▶ **PROMPT**:
In the entries below, the lines from the one with "1600장돌파[무배/당일] 🍸(S,M,L) 민트" through the one with "All parts for" are to be copied exactly; both ends count.

▶ **DATASET RECORDS**:
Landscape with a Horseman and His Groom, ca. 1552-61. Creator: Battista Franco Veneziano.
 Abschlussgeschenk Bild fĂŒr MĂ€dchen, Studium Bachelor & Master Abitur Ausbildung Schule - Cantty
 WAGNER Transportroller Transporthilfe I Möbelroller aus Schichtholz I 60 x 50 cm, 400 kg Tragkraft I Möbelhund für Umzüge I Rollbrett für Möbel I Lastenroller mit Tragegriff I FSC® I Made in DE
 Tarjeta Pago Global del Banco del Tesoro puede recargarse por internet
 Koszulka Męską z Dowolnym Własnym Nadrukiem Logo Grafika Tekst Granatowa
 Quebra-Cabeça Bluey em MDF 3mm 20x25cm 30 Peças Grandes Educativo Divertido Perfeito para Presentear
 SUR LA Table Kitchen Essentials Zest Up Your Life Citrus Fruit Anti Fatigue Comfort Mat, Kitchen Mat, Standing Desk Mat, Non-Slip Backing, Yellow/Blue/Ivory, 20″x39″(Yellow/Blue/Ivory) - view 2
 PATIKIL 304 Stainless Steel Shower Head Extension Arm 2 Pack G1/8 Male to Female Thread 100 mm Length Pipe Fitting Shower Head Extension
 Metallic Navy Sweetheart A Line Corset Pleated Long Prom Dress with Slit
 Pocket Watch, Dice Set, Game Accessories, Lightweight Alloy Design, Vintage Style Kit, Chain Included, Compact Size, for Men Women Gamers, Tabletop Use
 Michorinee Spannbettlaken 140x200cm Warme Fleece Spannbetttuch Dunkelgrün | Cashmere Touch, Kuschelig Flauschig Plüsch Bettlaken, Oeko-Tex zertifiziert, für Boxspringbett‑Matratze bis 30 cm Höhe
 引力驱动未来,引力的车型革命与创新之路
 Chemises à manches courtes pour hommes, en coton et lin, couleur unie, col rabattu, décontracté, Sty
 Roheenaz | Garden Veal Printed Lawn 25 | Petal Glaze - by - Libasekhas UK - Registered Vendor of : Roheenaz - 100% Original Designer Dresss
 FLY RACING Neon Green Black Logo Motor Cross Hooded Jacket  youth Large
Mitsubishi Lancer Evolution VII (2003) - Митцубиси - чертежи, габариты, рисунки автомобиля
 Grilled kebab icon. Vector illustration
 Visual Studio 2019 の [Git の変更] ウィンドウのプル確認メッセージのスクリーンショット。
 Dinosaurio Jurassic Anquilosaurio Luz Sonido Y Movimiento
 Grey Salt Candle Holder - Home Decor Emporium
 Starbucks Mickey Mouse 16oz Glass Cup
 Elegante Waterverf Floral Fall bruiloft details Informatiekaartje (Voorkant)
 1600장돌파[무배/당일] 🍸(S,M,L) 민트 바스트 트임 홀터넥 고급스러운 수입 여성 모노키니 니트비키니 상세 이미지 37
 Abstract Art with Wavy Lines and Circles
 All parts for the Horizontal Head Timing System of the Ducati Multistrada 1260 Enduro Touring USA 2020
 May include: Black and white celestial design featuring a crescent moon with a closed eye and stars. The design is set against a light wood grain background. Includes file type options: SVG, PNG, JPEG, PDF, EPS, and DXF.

▶ **RESULT OF THIS EXERCISE**:
 1600장돌파[무배/당일] 🍸(S,M,L) 민트 바스트 트임 홀터넥 고급스러운 수입 여성 모노키니 니트비키니 상세 이미지 37
 Abstract Art with Wavy Lines and Circles
 All parts for the Horizontal Head Timing System of the Ducati Multistrada 1260 Enduro Touring USA 2020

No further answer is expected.